When you get a MongoDB database with Compose, you actually get a MongoDB Compose deployment – a cluster of separately containerized systems supporting multiple databases. But, these databases all live within the same process and use the same resources so separating your data into them isn't going to help... it'll be more like putting a rope guard rail between the various orchestras.

What you need is a completely separate deployment, and a database on that deployment. Once isolated into separate deployment and databases, your collections will be more measurable and unable to interfere with each other. You will need to rework your applications code to make use of the multiple databases but most modern Mongo drivers make it easy for you to plug into multiple databases simultaneously. The question is, then, how do you get your data from one database into the isolated databases.

Enter The Transporter

Transporter is an ETL (Extract Transform Load) for people who don't like ETLs. Transporter lets you pull in data from one source, in this case it would be your original everything-in database, transform it in some way, or not as is the case here, and then write it to a destination database. We developed Transformer in 2014 as a replacement for Mongo's "copyDatabase" command which is about as successful as a groundhog at predicting weather.

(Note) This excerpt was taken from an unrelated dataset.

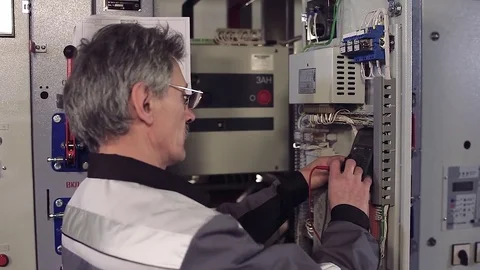 Man installing electric meter. Stock-Footage 77106418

MongoDB wasn't alone in having the problem of unreliable copying; other database technologies had similar problems. What we did was create a database abstraction and adapted it to each of the databases to handle the reading or writing operations. We then made it possible to construct a pipeline of those adapters and added a "transformer" class to let users modify the content in-flight between the source and the destination.

Preparing the ground

You can create a new deployment from the Compose dashboard; simply click "Add Deployment" and select what kind of database – MongoDB – you are provisioning and where you want it configured. Ideally this should be the same location as the source database.

Now you'll need to get the Transporter application. You could, as Transporter is open source, build your own binary by downloading the code from https://github.com/compose/transporter. If you are not so inclined though, the latest binary releases of the Transporter, for Ubuntu Linux and Mac OS X, are available at releases page.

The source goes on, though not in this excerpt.